Un monument en deux temps
Après la Grande Guerre, l’idée fut avancée d’ajouter à ce monument le nom des victimes de 14-18.
Le projet fit l’objet d’un concourt qui eut pour résultat le réemploi et l’agrandissement du monument initial. (C’est le projet de Mr. Pierre CURILLON, (1866-1952), sculpteur installé à Paris mais originaire de Tournus, qui sera choisi).
Une scénographie particulière
D’où l’ajout, à l’avant, du groupe de personnages en bronze représentant un soldat de la Grande Guerre ramenant aux pieds du vaincu de 1870, l’Alsace et la Lorraine enfin libérées.
L’ensemble se voulait une référence directe à l’imagerie en vogue à l’époque, utilisant le thème fédérateur de l’alsacienne et de la lorraine entourant le soldat vainqueur.
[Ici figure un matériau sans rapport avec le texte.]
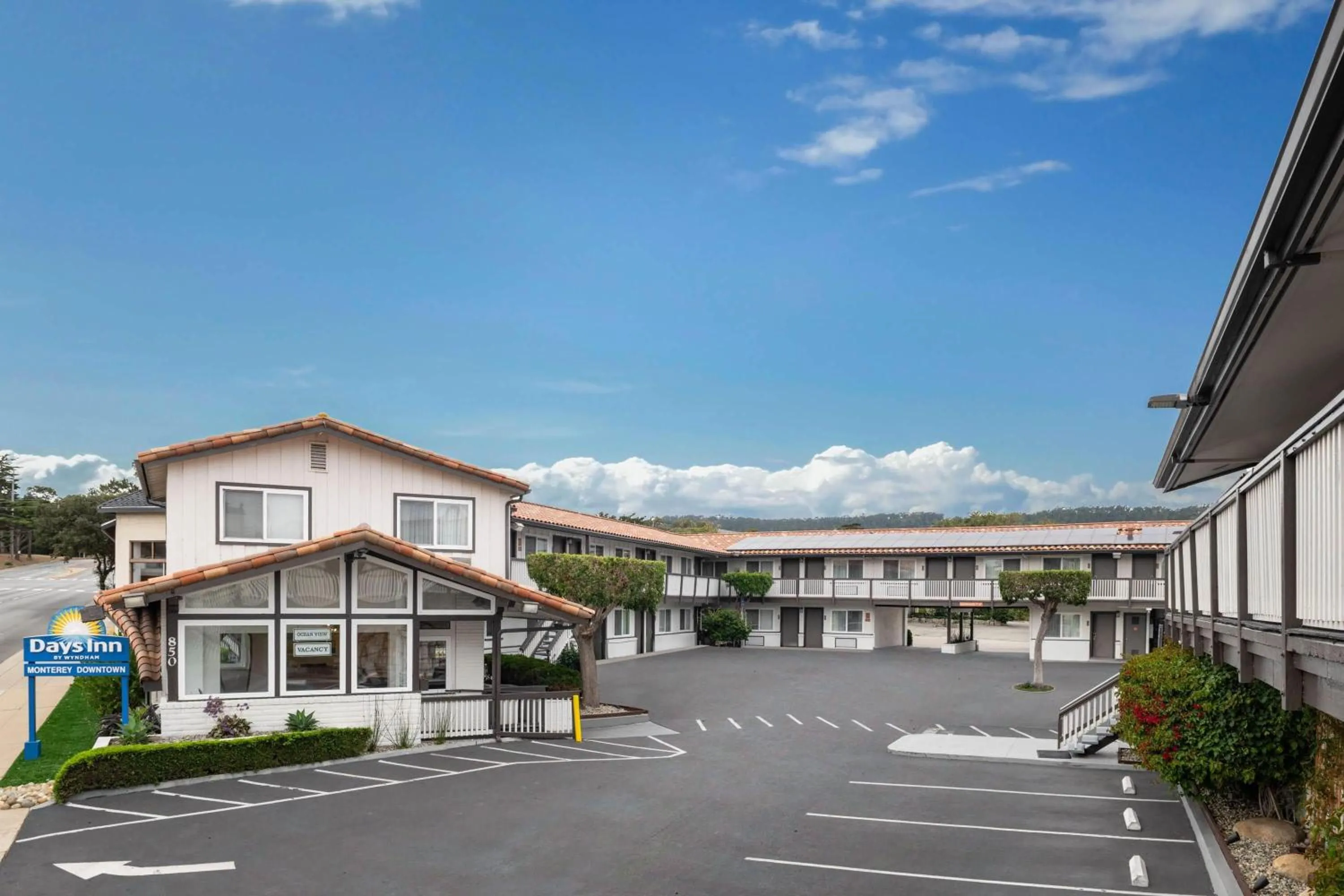 Property building in Days Inn by Wyndham Monterey Downtown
Déplacé à proximité de la basilique, le monument transformé sera inauguré en 1923.
Les personnages féminins
L’alsacienne serre dans ses mains une couronne de laurier, en symbole de victoire, tandis que la lorraine tient la palme du martyr, en référence au soldat au-dessus d’elle.
Le personnage de l’alsacienne se reconnaît de loin grâce au nœud de ruban qui la coiffe. Raison sans doute pour laquelle elle est placée sur le devant, mettant en retrait sa compagne une peu moins iconique.
Le soldat
Face à elles, le soldat de la guerre 1914-18 se tient debout, les yeux également levés. Du geste, il présente ses compagnes au soldat au sommet du mémorial. Son attitude est calme, le visage serein.
L’ensemble est empreint d’une certaine gravité, en accord avec la symbolique de l’instant représenté.
Une mise en scène très symbolique
Mise en place aux lendemains de la Première Guerre mondiale pour rappeler la finalité du conflit, cette scène est emblématique de l’esprit de revanche qui prévalait à cette époque.
* à noter l’inscription sur le socle: « Paray le Monial à ses enfants dont le glorieux sacrifice sauva nos foyers de l’invasion barbare et restaura l’unité de la Patrie 1914-1918 » figurant à l’avant du monument et qui fut martelée par l’occupant allemand lors de la Seconde Guerre Mondiale. Elle a depuis été restaurée et remplacée par :« Paray le Monial à ses enfants morts pour la France »
Le renforcement du sentiment patriotique
Faisant le lien entre la cruauté des combats de la fin du Second Empire et le sacrifice des « poilus » de la « Grande Guerre », l’image de l’Alsace et de la Lorraine rassemblées dans un mouvement d’hommage, se voulait fédératrice.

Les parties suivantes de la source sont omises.